Monday’s Technology Review carries a glowing tribute to Apple iPhone security according to its author, Simson Garfinkel, a contributing editor who works in computer forensics and is highly regarded as a leader in digital forensics. He says Apple has passed a threshold “Today the Apple iPhone 4S and iPad 3 are trustworthy mobile computing systems that can be used for mobile payments, e-commerce, and the delivery of high-quality paid programming,” thanks to Apple’s heavy investment in iPhone security. That is where “threshold” comes in. Apple has crossed it. Even law enforcement cannot perform forensic examinations of Apple devices seized from criminals, he said.

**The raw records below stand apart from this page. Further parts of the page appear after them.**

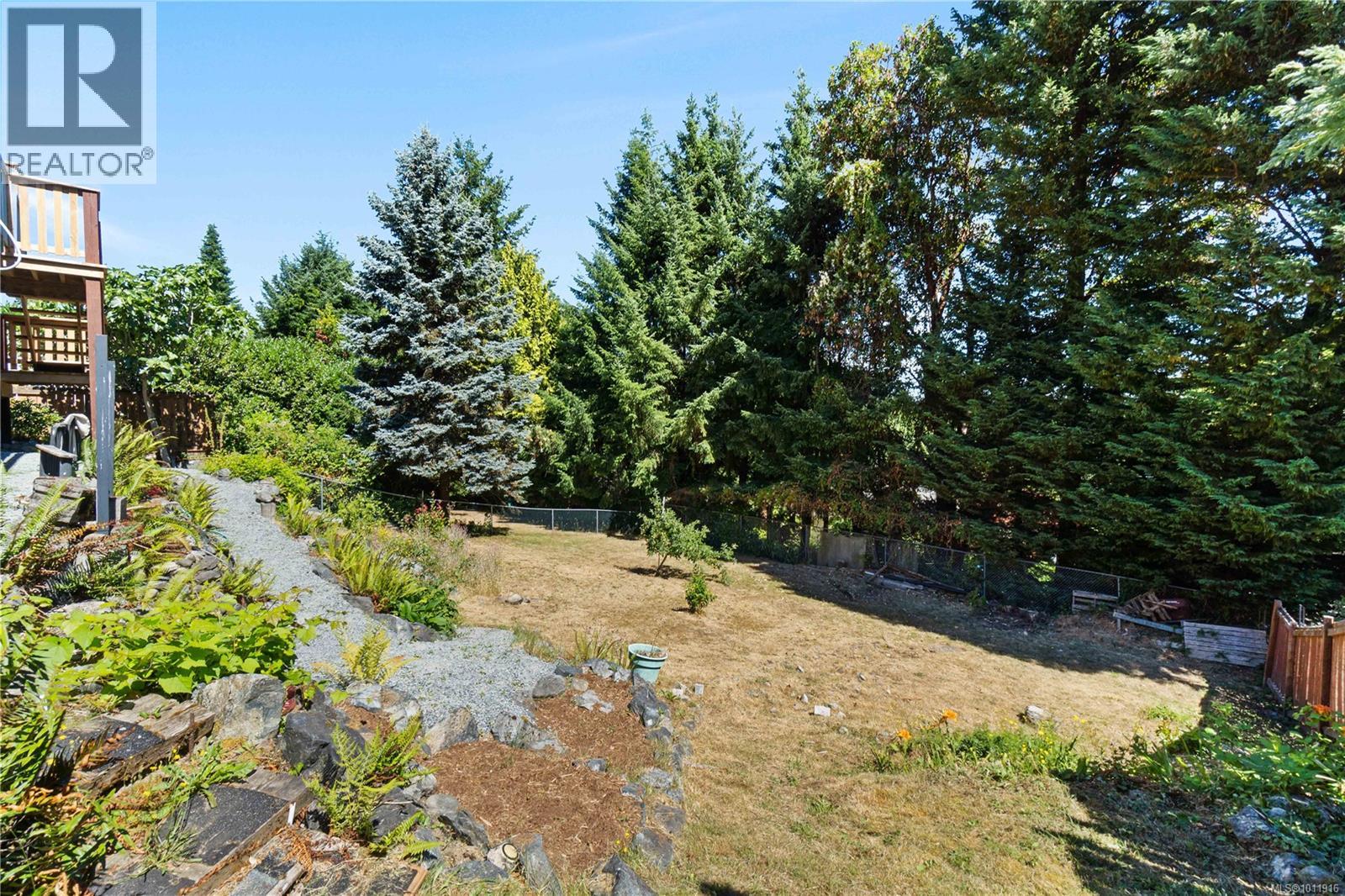 Photo 36 of 125 Arbutus Cres, Ladysmith BC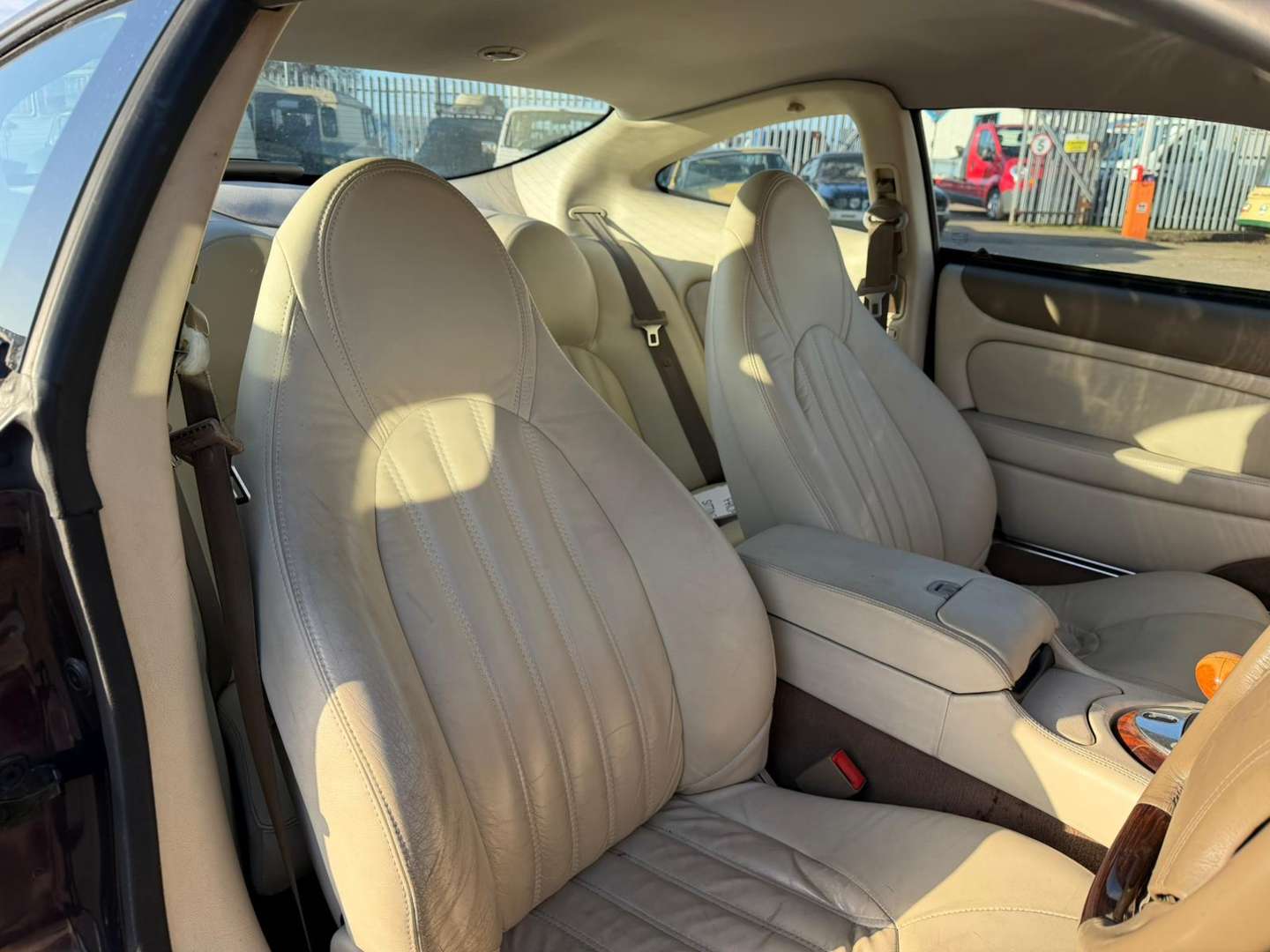 <p>1998 JAGUAR XK8 COUPE AUTO</p>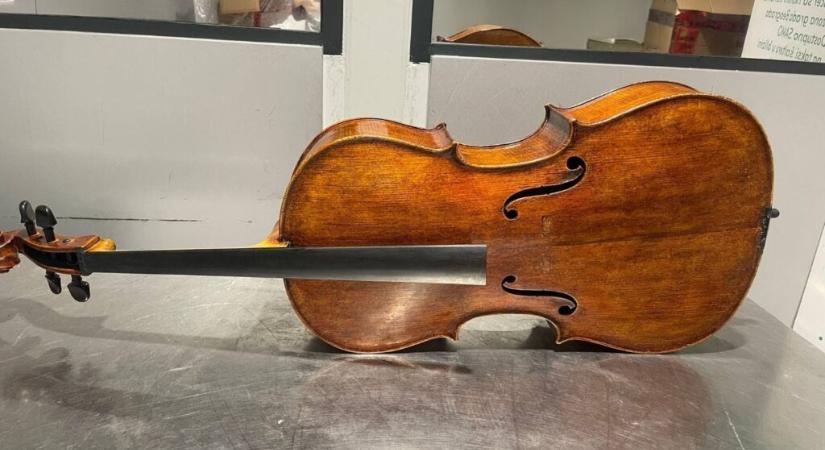 Antik csellókat akart az országba csempészni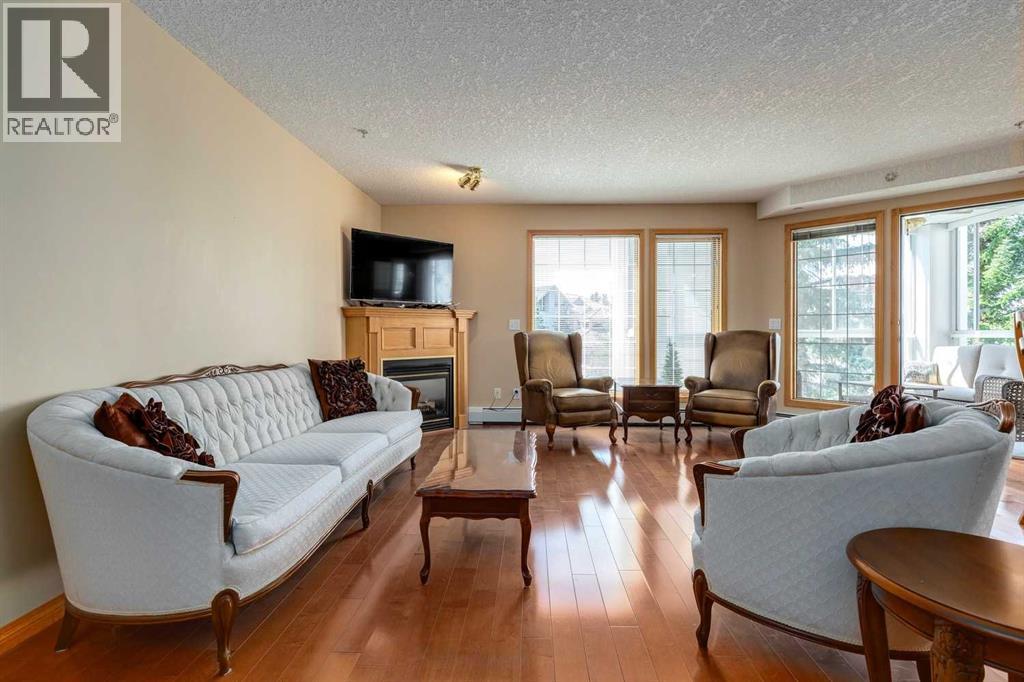 Single Family House for Sale in   Sierra Morena Boulevard SW Signal Hill Calgary 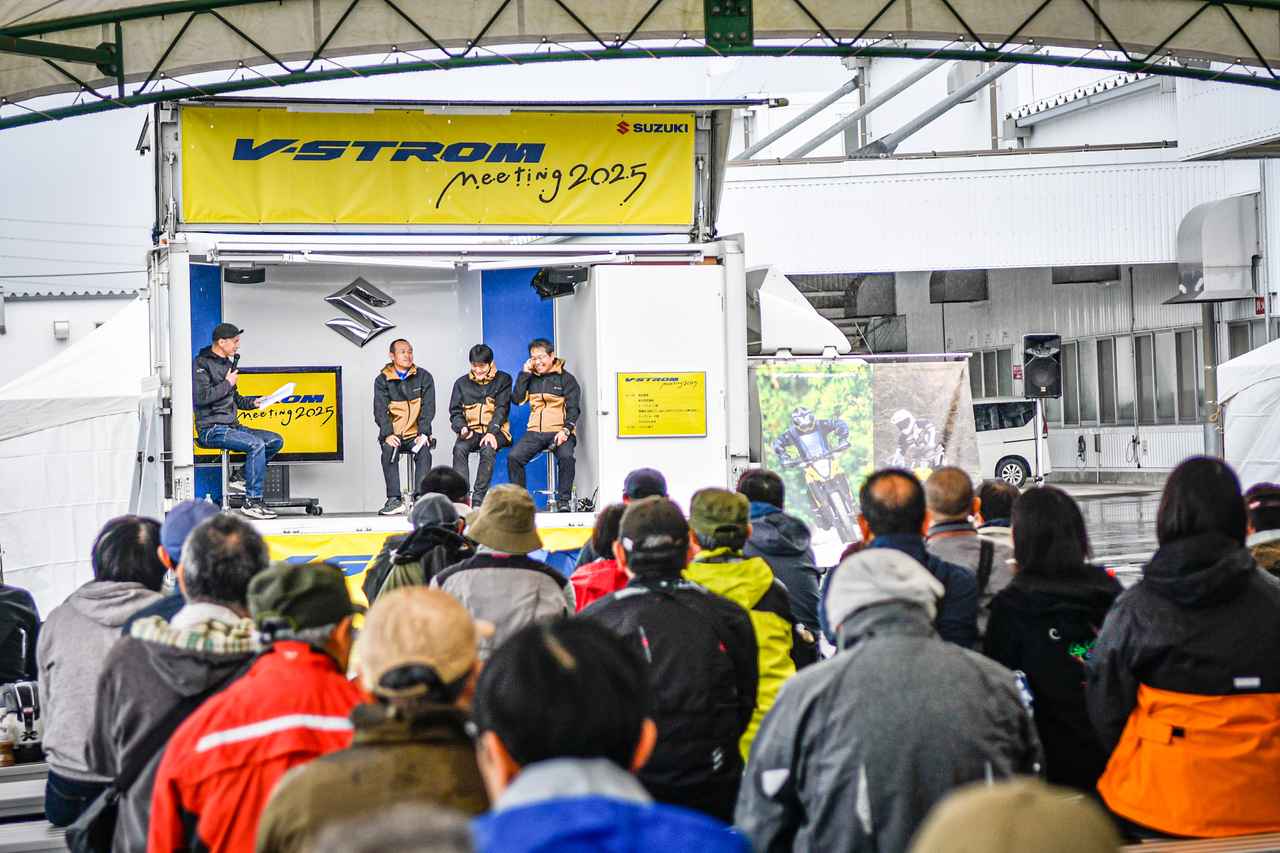 画像1: トークショー第1部はVストロームシリーズ開発者が揃って登壇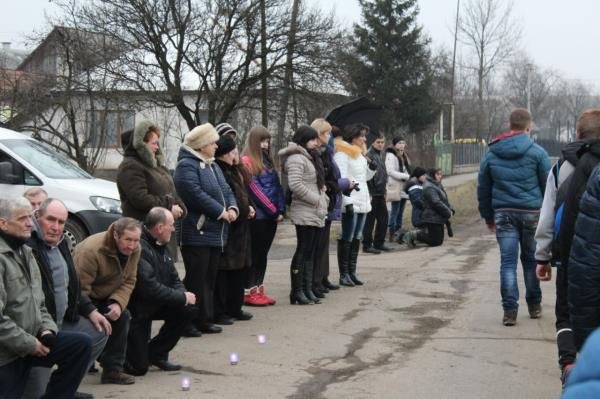 На колінах зі сльозами на очах полеглого "кіборга" зустріли мешканці рідної Ільниці (ФОТО) – 06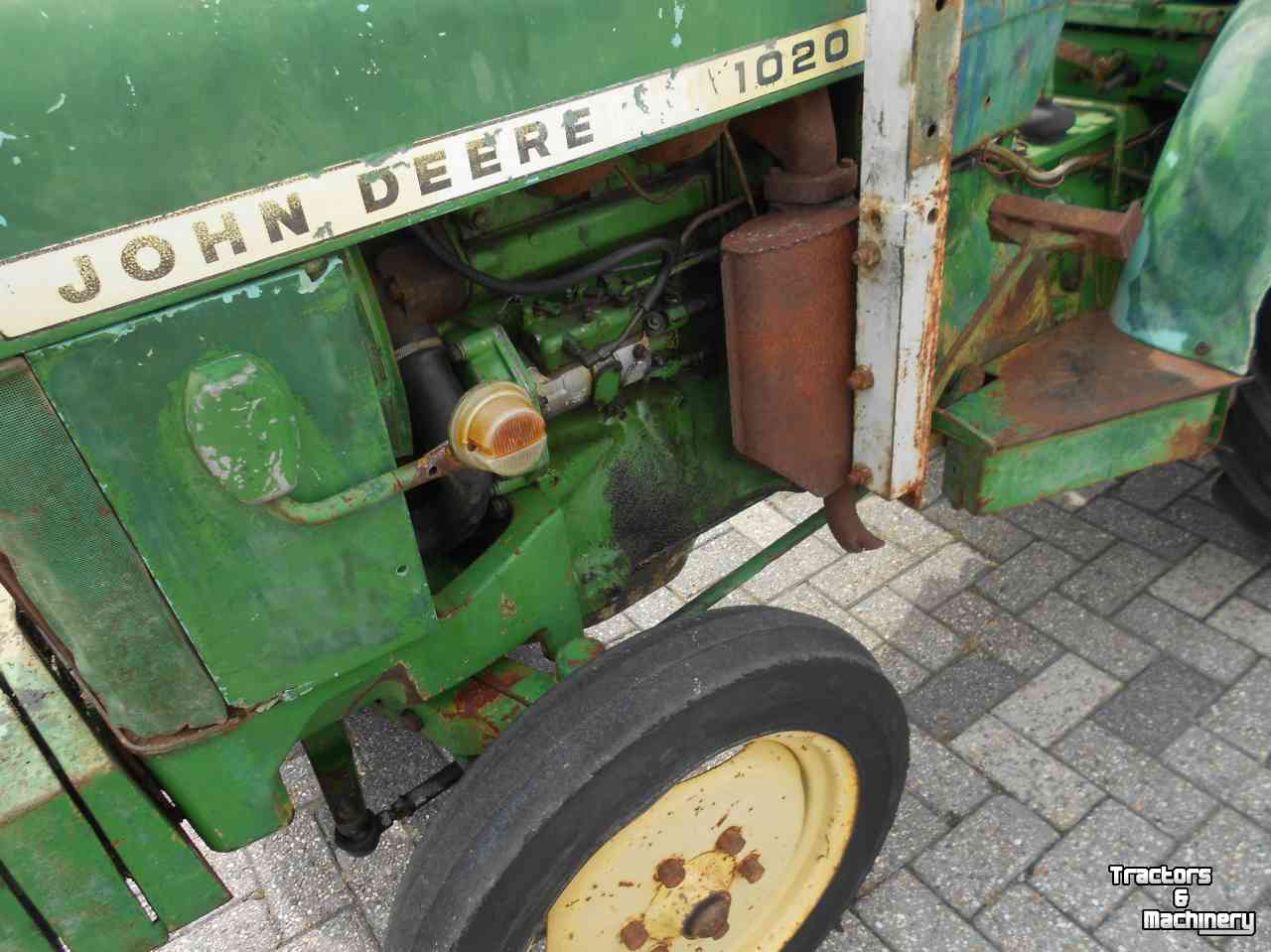 Small-track Tractor John Deere 1020 v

iPhone has a security architecture that is so sturdy and so tightly woven into its hardware and software that it is easy for consumers to use encryption on their phones and difficult for someone else to steal the encrypted information, he stated.
The key to Apple’s security architecture strengths is the Advanced Encryption Standard algorithm (AES), a data-scrambling system adopted as a U.S.government standard in 2001. After over ten years of exhaustive analysis, he said, AES is still widely regarded as unbreakable.
(In August last year, AES was cracked, by a team of researchers from Microsoft, Research, KU Leuven and ENS Paris. It was a theoretical, or “academic” crack, with no practical implications. Despite being four times easier than other methods, the number of steps required to crack AES-128 was an 8 followed by 37 zeroes, said one of the team members.”To put this into perspective: on a trillion machines, that each could test a billion keys per second, it would take more than two billion years to recover an AES-128 key,” the Leuven University researcher added. Still, their attack unsettled some assumptions about AES.)